Following the signed power purchasing agreement with energy company Bio2Watt (Pty) Ltd in 2014, BMW South Africa received the first green energy at its Rosslyn plant in Pretoria on 10 October 2015. Through this agreement, between 25% and 30% of BMW Plant Rosslyn’s electricity requirements will now be generated from renewable sources.

The BMW South Africa / Bio2Watt renewable energy partnership is the first commercially viable biogas project. The Bio2Watt biogas plant in Bronkhorstspruit is located on the premises of one of South Africa’s larger feedlots (Beefcor) and an agricultural stronghold in Gauteng. The location provides the project with proximity to key fuel supplies; grid access and sufficient water supplied by Beefcor’s storm water collection dams. The City of Tshwane is also a key supplier of waste to the project.

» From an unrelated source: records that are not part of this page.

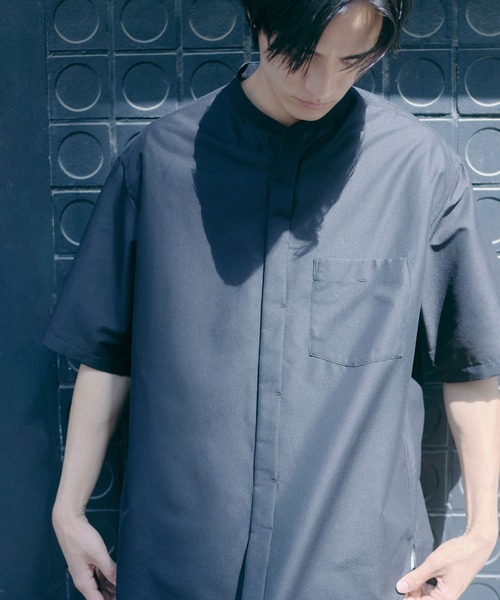 ADAM ET ROPE'(アダムエロペ)の「【ACT/アクト】LIGHT バンドカラー ハーフスリーブシャツ(シャツ/ブラウス・メンズ・ブラック/チャコールグレー・L/M)」の15枚目の写真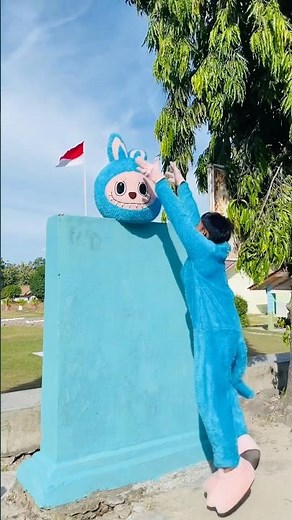 Pumpkin head is stuck to marsha #shorts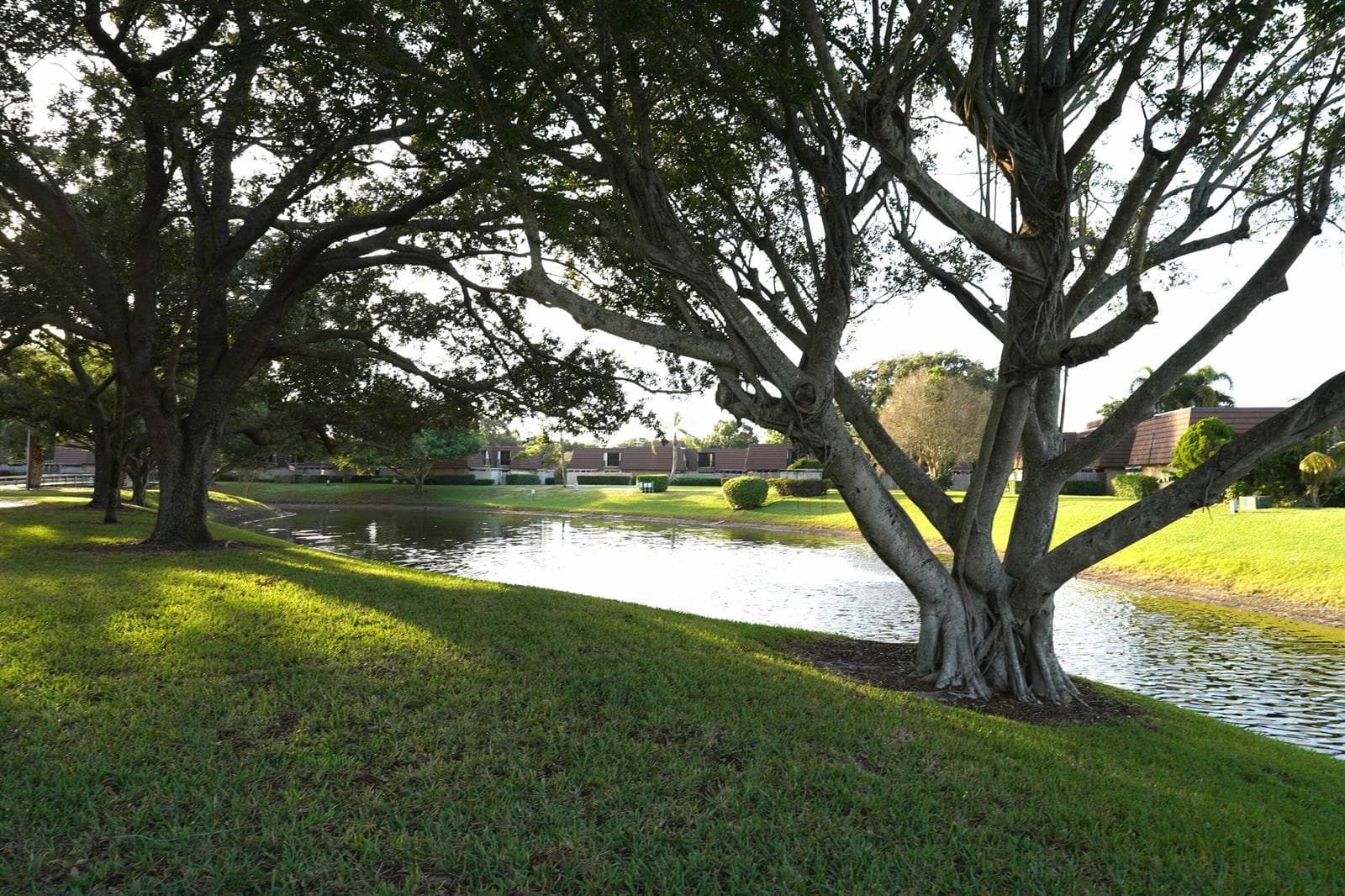 1916 19th Lane, Palm Beach Gardens FL 33418 photo 2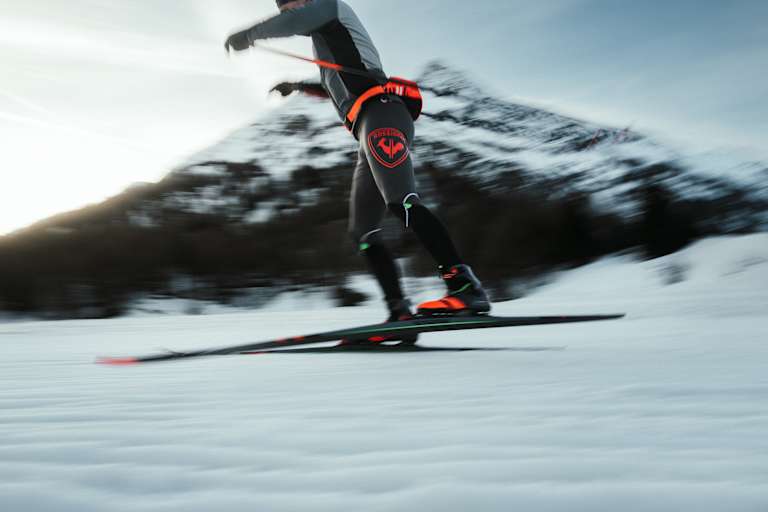 Ein Skifahrer fährt auf der Piste Ski mit Kleidung von Rossignol.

The biogas process relies on organic waste, which is directed into a digester where biogas is produced and then goes into a gas engine to produce electricity. This is inserted into the power grid for uptake by power purchasers like BMW.

At the Bronkhorstspruit biogas plant, about 40 000 tons per annum of cattle manure and a further 20 000 tons of mixed organic waste is fed into two anaerobic digesters that produce the biogas feedstock for a combined heat and power application.


Speaking at a media event held at Bio2Watt’s biogas plant in Bronkhorstspruit today, Mr Tim Abbott, Managing Director of BMW Group South Africa, said that there is a plan to transition the company’s production facilities to be powered by 100 percent from renewable sources by the year 2020. “We have increased the share of renewable energy as a percentage of total power consumed by the BMW Group to an impressive 51% in 2014. Our vision is to draw 100% of our energy requirements from renewable sources with the help of partners such as Bio2Watt.”

Abbott added that BMW aspired to be the most sustainable company in the automotive industry. “Sustainability is one of the main drivers of our business. We not only create added value for the environment and society, but also for the company itself – because sustainability management also cuts costs and generates revenues as well as profits. As the result of our efforts, we have been listed in the Dow Jones Sustainability Index, the world’s leading index of sustainable companies, every year since 1999 and been industry leader for eight years.”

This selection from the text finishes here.